▶ [EXERCISE DATA]:
================================

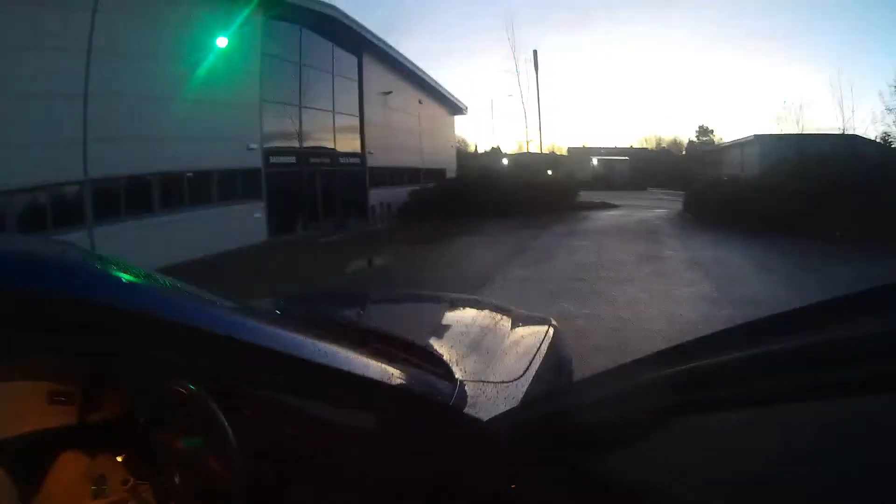Interior-wise, you can also put in a new start button cover. Mine was very worn so I replaced it — again from AliExpress, about £2.99. I think it's a nice little mod, very budget but well worth it.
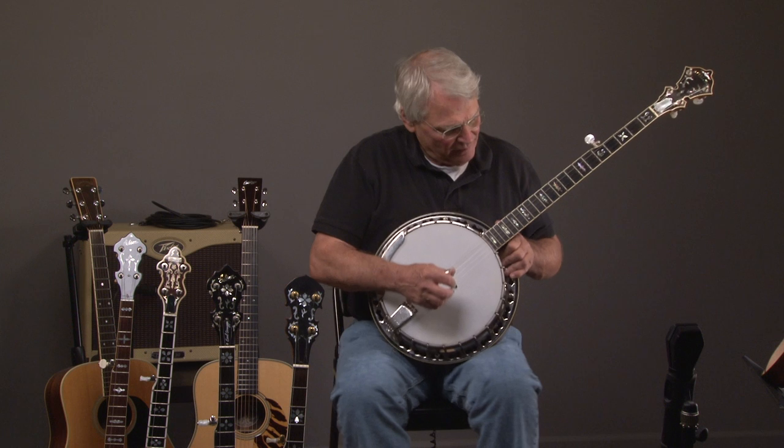Here we have a Stelling Staghorn Banjo Walnut. Let's hear what it sounds like.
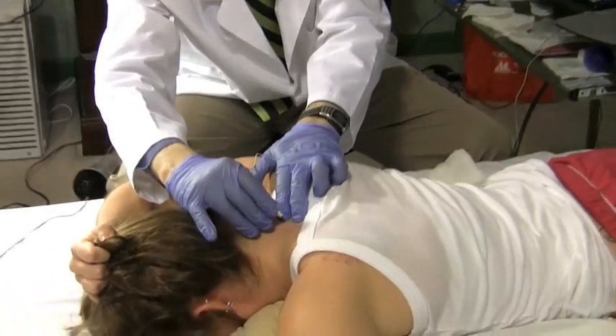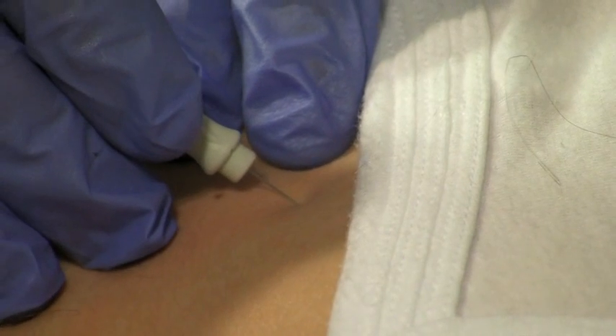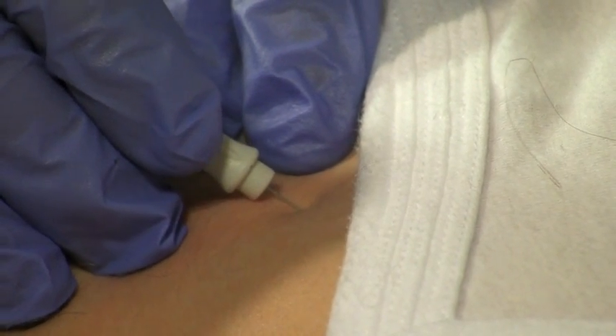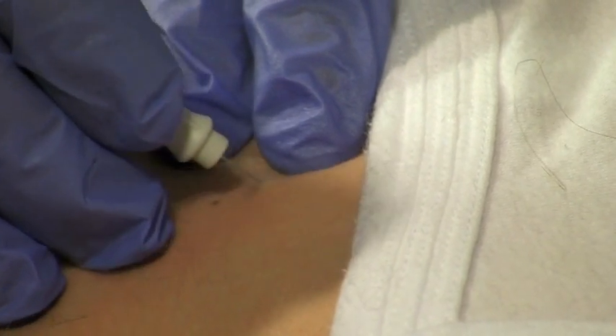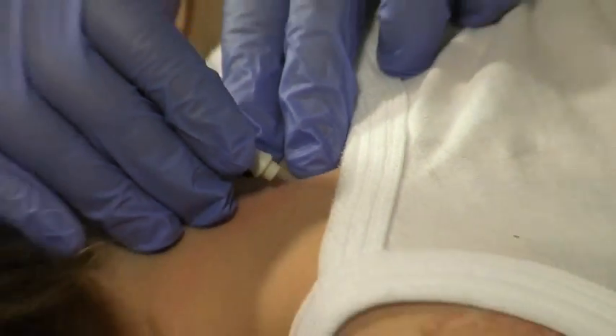C8. Here we go. Relax, put your head down. Perfectly normal insertion activity.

================================

Reproduce the listing exactly, but keep its images out of the copy.

▶ [REPLY]:
Interior-wise, you can also put in a new start button cover. Mine was very worn so I replaced it — again from AliExpress, about £2.99. I think it's a nice little mod, very budget but well worth it.
Here we have a Stelling Staghorn Banjo Walnut. Let's hear what it sounds like.
C8. Here we go. Relax, put your head down. Perfectly normal insertion activity.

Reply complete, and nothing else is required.